Ich halte es für äußerst naiv zu glauben, auf dem derzeitigen Arbeitsmarkt könnte man hochqualifizierte Ingenieure für eine befristete Stelle in der Verwaltung gewinnen. Das sind gesuchte Spezialisten, die in der freien Wirtschaft besser verdienen können. Lassen Sie das sein mit dem Aufbau einer eigenen Hochbauverwaltung! Nehmen Sie 200.000 Euro in die Hand und beauftragen Sie ein Projektbüro mit der Erstellung eines vergaberechtlichen Auftrags. Lassen Sie sich eine Haushaltsunterlage nach DIN 276 für die Leistungsphase 5, das ist die Ausführungsplanung, erstellen. Dann brauchen Sie in der Verwaltung nur noch jemand der Spezialist für Vergaben ist, aber das haben wir ja. Wir vergeben ja regelmäßig Aufträge in unseren Bauprojekten. Und bitte wählen Sie das neue europäische Vergabemodell, das partnering-modell und arbeiten Sie mit „design to cost“. Legen Sie also vorher fest, wie viel Geld da ist, und lassen exakt für dieses Geld bauen.

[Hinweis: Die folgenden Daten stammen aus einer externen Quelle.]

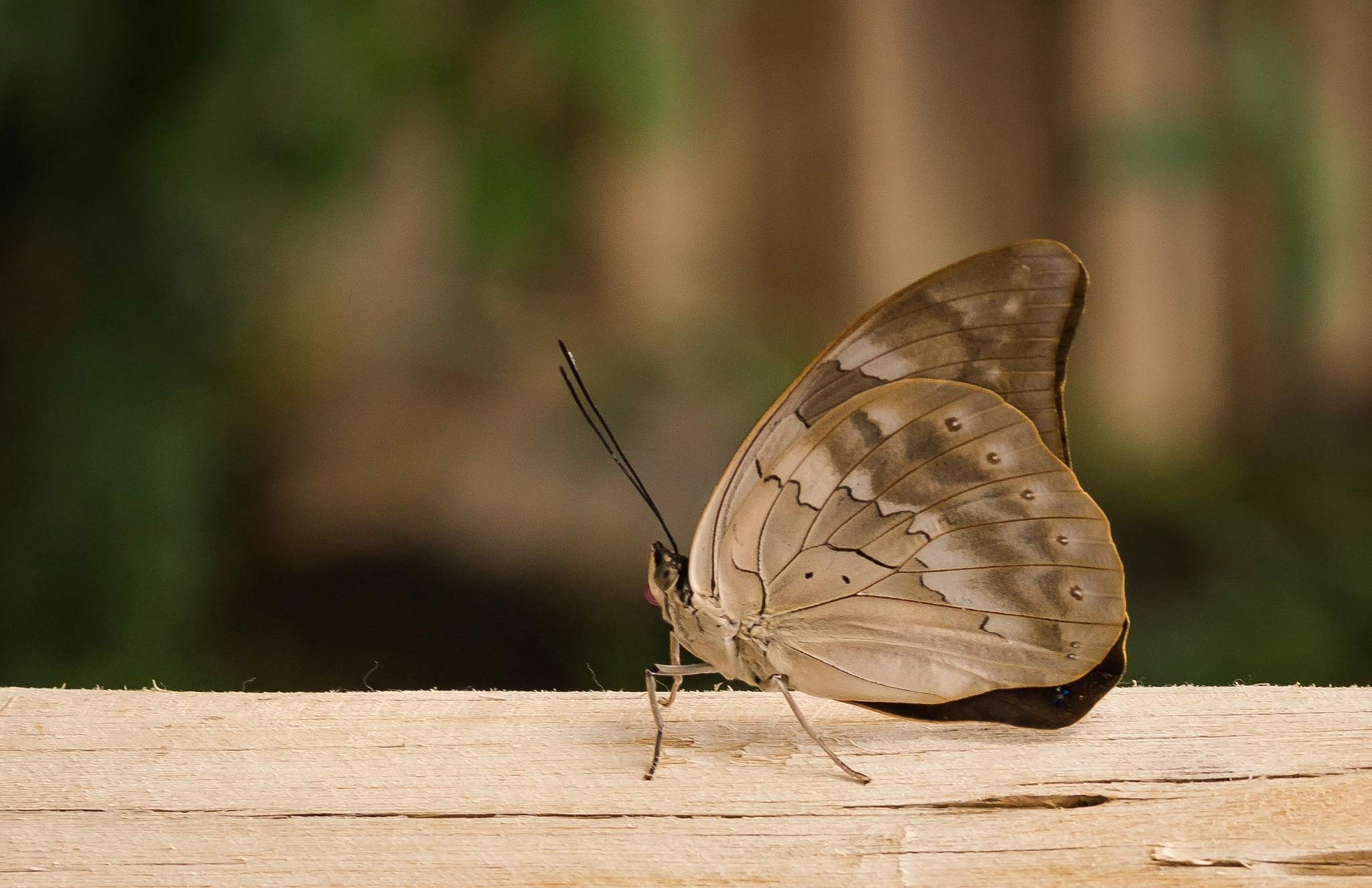 Sony SLT-A77 + Sigma 30mm F1.4 EX DC HSM sample photo. Butterfly photography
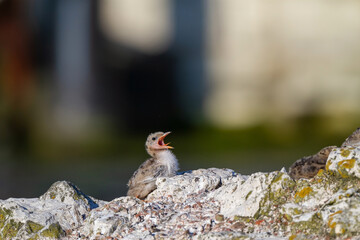 Common Tern (Sterna hirundo) perched on colts at the breeding grounds of a group of chicks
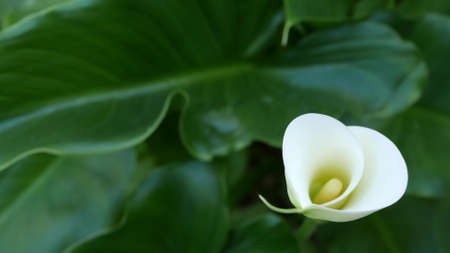White calla lily flower and dark green leaves. Elegant floral blossom. Exotic tropical jungle rainforest, stylish trendy botanical atmosphere. Natural vivid greenery, paradise aesthetic. Arum plant.の写真素材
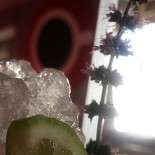 Primavera Cafè drink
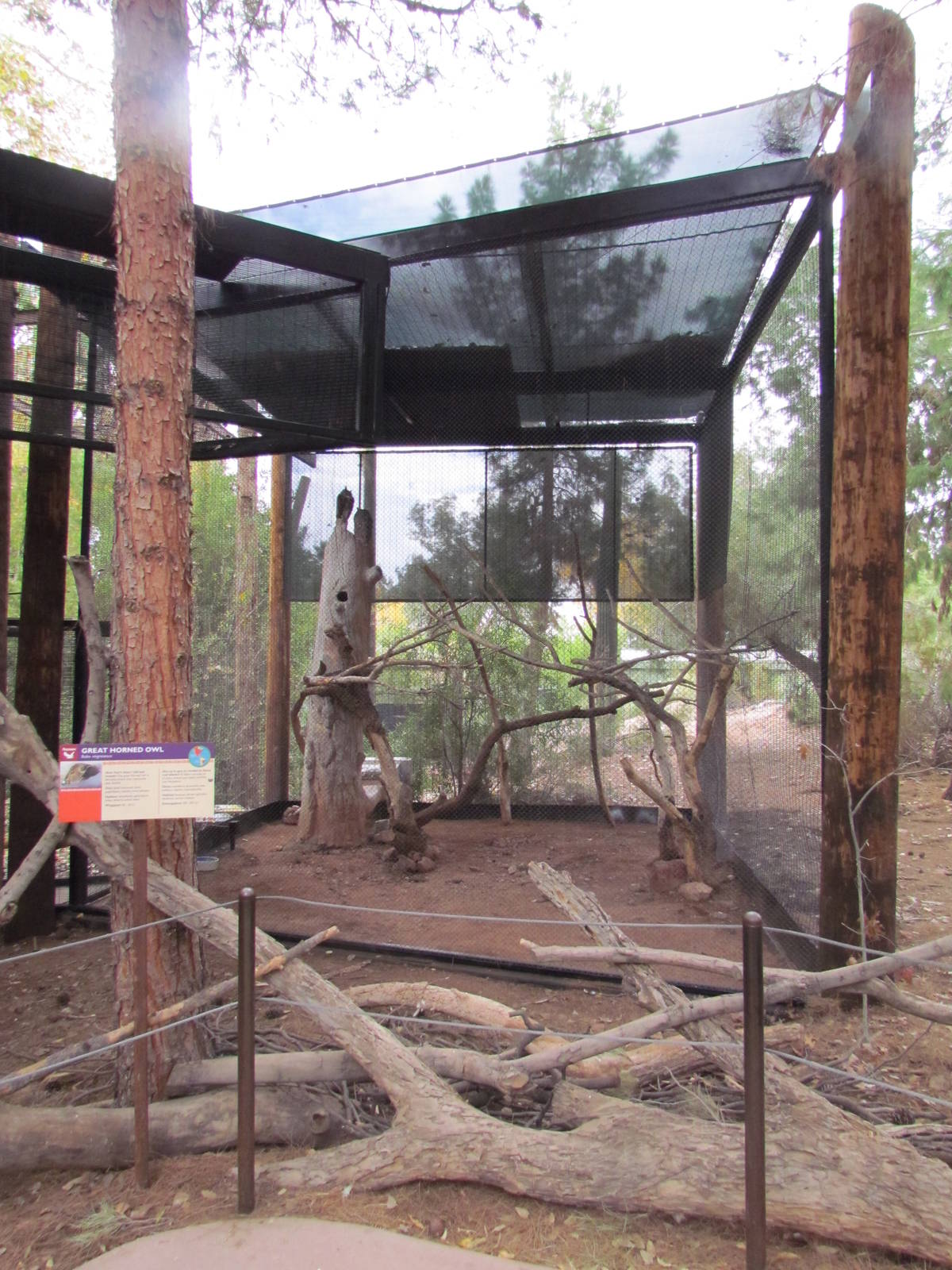 Arizona Trail - Great Horned Owl Exhibit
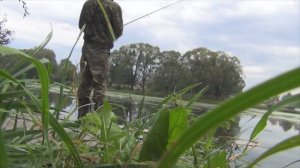 Загадочный карась летом - бывает же такое - его непросто поймать (2015г примерно)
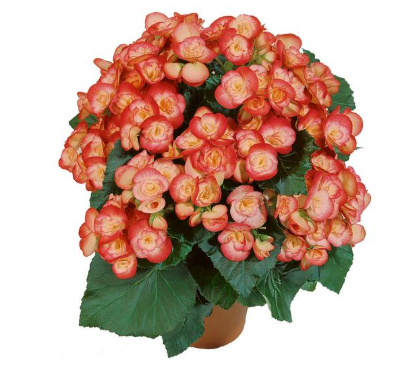 4.5" Terra Hiemalis Begonia - Peggy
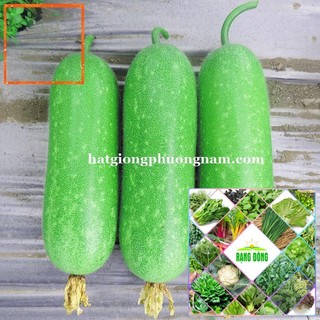 15H - HẠT GIỐNG BÍ ĐAO CHANH Hạt Giống Nông Trại Xanh THE GARDEN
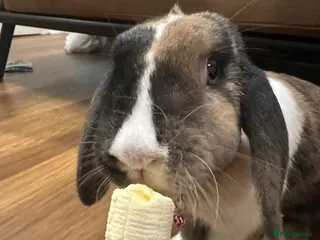 Mixed Breed rabbits Mini lop x rex for sale!! - Advert 10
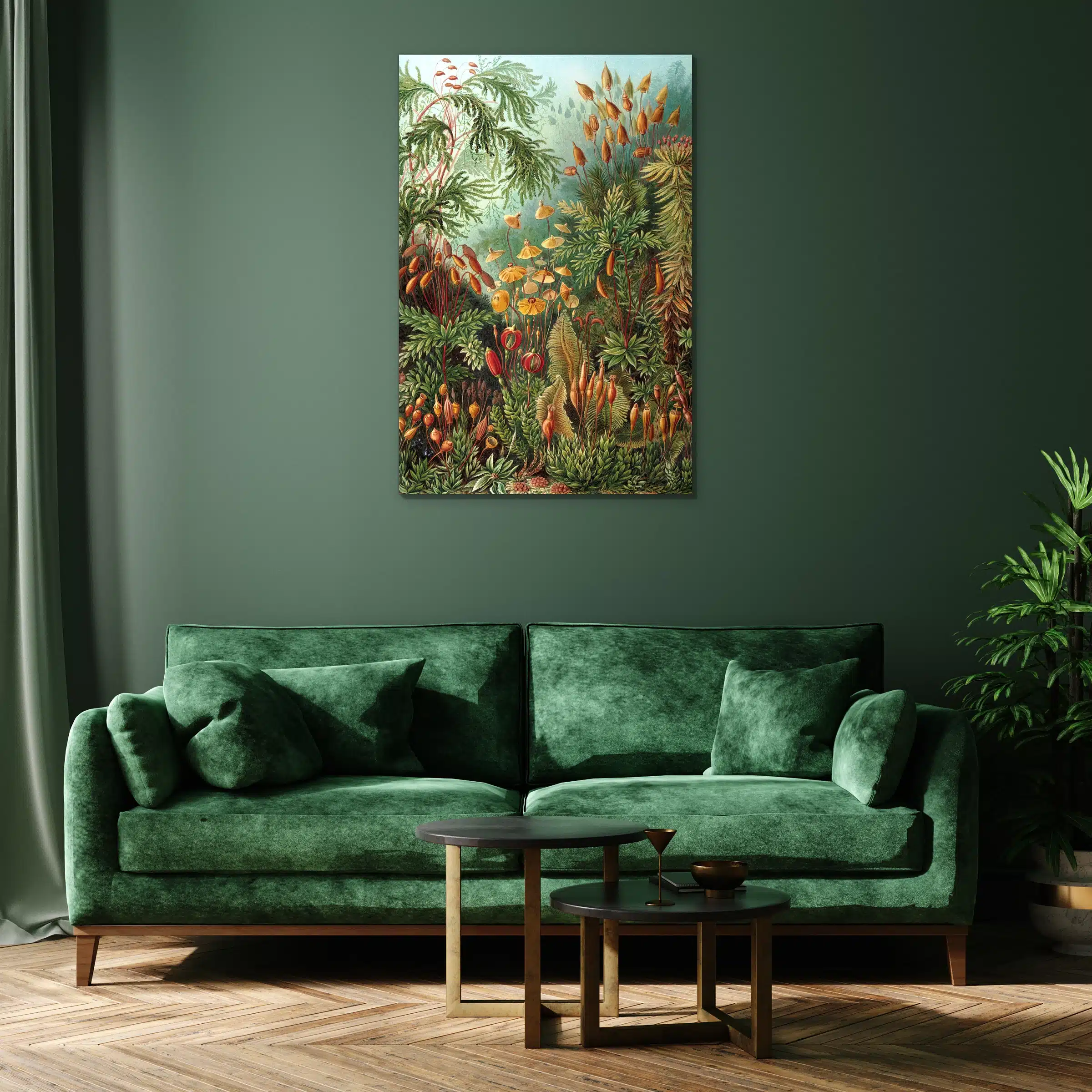 Muscinae van Ernst Haeckel boven een groene fluwelen bank tegen een donkergroene muur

Der Baumarkt ist nämlich derzeit so überhitzt, dass Ihnen bei jedem anderen Verfahren die Submissionspreise durch die Decke schießen werden und Sie keine Chance haben, irgendeinen Kostenrahmen zu halten.

 

Die Kreishaussanierung ist keinesfalls trivial, egal wie man es macht. Aber schon der Start des Projekts läuft in die ganz falsche Richtung. Und wenn wir heute so entscheiden, wie die Verwaltung das vorschlägt, verbauen wir schon jetzt unsere Chancen, das Projekt auch nur einigermaßen im Kostenrahmen zu halten. Sanieren Sie das Kreishaus, aber bauen Sie keine Elbphilharmonie.

 

Wenn vieles im Haushalt festgelegt ist, ist das eine Sache. Wenn aber das, was wir selbst bestimmen, so in die falsche Richtung läuft, können die Freien Demokraten den Haushalt 2017 leider nur ablehnen.

 

Vielen Dank für Ihre Aufmerksamkeit.